Judge Katherine Forrest, from the Southern District Court of New York, made impressive headway in the fight for freedom when she temporarily stopped the implementation of the law.
Plaintiffs in the case have alleged that the NDAA violates “both their free speech and associational rights guaranteed by the First Amendment as well as due process rights guaranteed by the Fifth Amendment of the United States Constitution,” wrote Forrest in her decision enjoining enforcement of Section 1021 of the law.
Her decision deposed the government’s three main arguments in support of immediately enforcing the heinous bill. One of the arguments made by the government is that because none of the plaintiffs had ever been detained because of the law, that they had no standing to contest it.
Plaintiffs countered, however, that the law was having a chilling effect on activities otherwise protected by the First Amendment. They prevailed.
Forrest wrote that the plaintiffs had “shown an actual fear that their expressive and associational activities” might result in being indefinitely detained, as “each of them has put forward uncontroverted evidence of concrete — non-hypothetical — ways in which the presence of the legislation has already impacted those expressive and associational activities”.

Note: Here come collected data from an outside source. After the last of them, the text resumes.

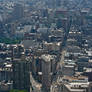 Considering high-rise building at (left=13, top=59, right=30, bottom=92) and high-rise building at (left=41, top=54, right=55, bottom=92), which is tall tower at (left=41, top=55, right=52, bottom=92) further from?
high-rise building at (left=13, top=59, right=30, bottom=92)

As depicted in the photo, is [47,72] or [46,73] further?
[47,72]

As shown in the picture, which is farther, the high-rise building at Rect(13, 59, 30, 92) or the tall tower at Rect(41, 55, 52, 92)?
the high-rise building at Rect(13, 59, 30, 92)

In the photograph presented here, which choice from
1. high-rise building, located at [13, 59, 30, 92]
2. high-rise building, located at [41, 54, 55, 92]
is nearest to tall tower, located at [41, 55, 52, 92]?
high-rise building, located at [41, 54, 55, 92]

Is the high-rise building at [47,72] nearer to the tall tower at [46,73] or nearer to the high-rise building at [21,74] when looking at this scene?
the tall tower at [46,73]

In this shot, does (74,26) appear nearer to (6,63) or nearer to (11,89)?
(6,63)

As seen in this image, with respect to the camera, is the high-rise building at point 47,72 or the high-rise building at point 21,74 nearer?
the high-rise building at point 47,72

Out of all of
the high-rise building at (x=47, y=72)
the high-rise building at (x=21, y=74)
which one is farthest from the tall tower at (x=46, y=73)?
the high-rise building at (x=21, y=74)

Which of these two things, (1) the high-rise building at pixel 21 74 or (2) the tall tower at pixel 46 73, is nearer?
(2) the tall tower at pixel 46 73

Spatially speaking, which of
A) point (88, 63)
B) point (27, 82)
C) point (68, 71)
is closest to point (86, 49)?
point (88, 63)

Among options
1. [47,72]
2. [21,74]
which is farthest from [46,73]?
[21,74]

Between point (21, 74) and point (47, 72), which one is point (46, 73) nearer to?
point (47, 72)

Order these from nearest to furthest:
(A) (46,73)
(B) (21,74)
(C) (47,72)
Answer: (B) (21,74)
(A) (46,73)
(C) (47,72) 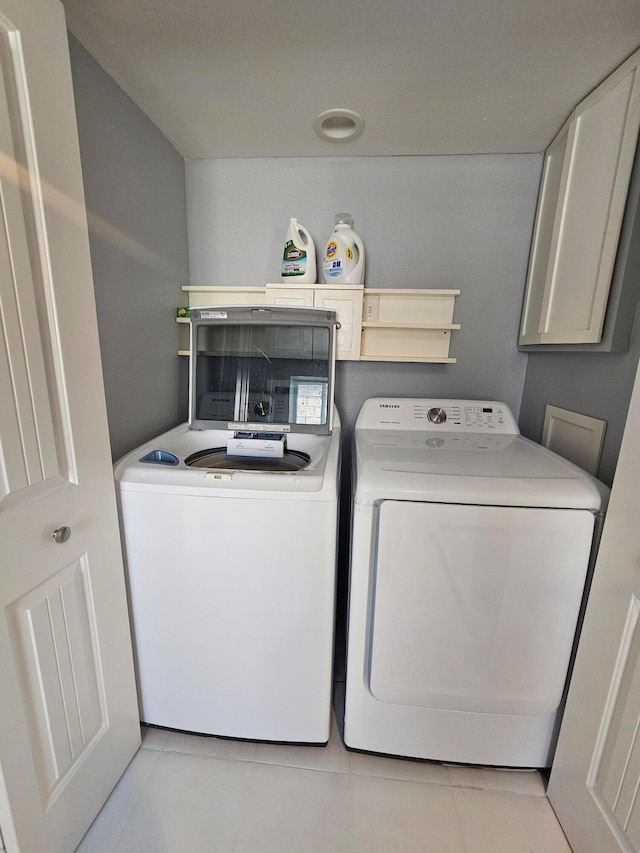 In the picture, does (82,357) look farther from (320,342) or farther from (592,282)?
(592,282)

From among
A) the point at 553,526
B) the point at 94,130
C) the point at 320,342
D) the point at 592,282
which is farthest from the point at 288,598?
the point at 94,130

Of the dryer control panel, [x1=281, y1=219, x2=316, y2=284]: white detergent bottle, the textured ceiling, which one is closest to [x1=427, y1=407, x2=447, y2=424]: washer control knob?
the dryer control panel

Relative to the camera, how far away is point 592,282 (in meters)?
1.37

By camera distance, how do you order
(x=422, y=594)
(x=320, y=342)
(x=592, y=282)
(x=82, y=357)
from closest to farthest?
(x=82, y=357) < (x=422, y=594) < (x=592, y=282) < (x=320, y=342)

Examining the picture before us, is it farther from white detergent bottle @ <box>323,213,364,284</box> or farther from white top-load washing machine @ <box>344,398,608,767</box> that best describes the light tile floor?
white detergent bottle @ <box>323,213,364,284</box>

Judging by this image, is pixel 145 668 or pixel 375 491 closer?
pixel 375 491

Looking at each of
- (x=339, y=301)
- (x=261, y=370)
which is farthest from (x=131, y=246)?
(x=339, y=301)

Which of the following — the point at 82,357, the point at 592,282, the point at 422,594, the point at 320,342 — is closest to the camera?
the point at 82,357

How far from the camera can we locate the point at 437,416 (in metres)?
1.83

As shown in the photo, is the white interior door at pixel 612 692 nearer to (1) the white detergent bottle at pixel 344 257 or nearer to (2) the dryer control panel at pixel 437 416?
(2) the dryer control panel at pixel 437 416

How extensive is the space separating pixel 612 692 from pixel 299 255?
2.08 meters

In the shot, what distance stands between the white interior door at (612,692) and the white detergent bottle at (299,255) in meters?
1.46

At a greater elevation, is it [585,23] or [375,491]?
[585,23]

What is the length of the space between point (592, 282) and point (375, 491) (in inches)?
45.5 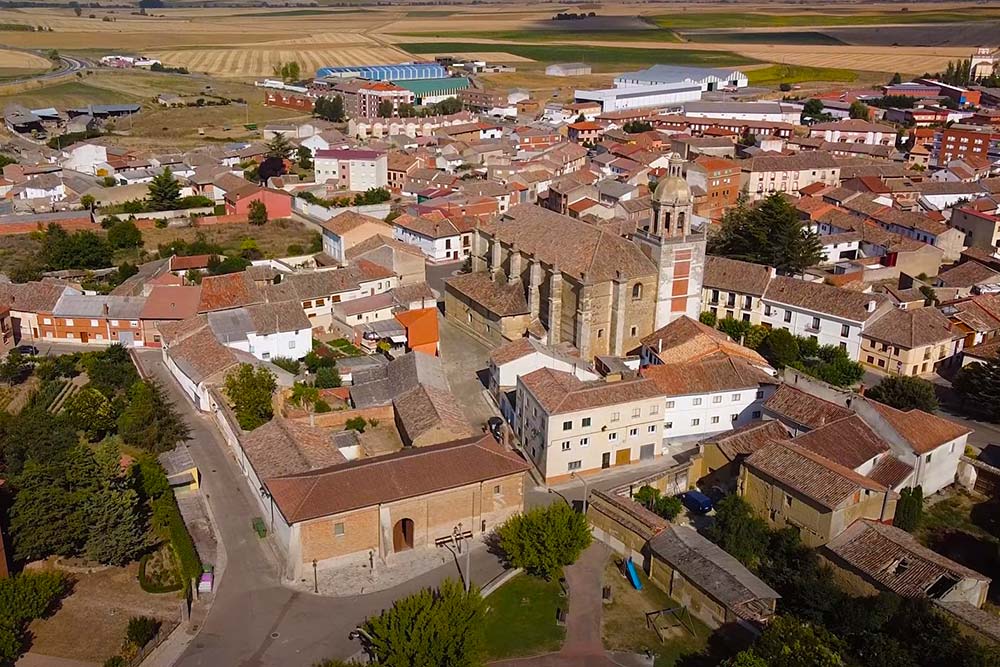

After all, whether or not someone has felt the full force of a law, it may still affect the way they live their lives. The long arm of the law has been a guideline for behavior as long as laws have existed. Their entire purpose is to streamline the attitude of citizens to conform to society’s norms. The reason that most people don’t steal, drive drunk, or take drugs is because those activities are against the law and people fear the repercussions that come with breaking the law.
When asked about this issue, Americans for Limited Government president Bill Wilson commented that, “The Bill of Rights was designed to work under all circumstances, including wartime, and as such the authorization to use force in Afghanistan cannot supersede constitutional protections to due process.”
He added, “Nor can the government target citizens for activities otherwise protected by the First Amendment as violations of law or threats to national security.”
Although Obama’s administration maintains that the NDAA is only a reinforcement of the AUMF, Judge Forrest found that indeed the NDAA may expand the government’s power, and now will expose the law to full and complete scrutiny over whether it is constitutional. Let’s hope that this law gets thrown out in court. Judge Forrest’s initial actions are a good step in the right direction.
Rebecca DiFede is a contributing editor to Americans for Limited Government.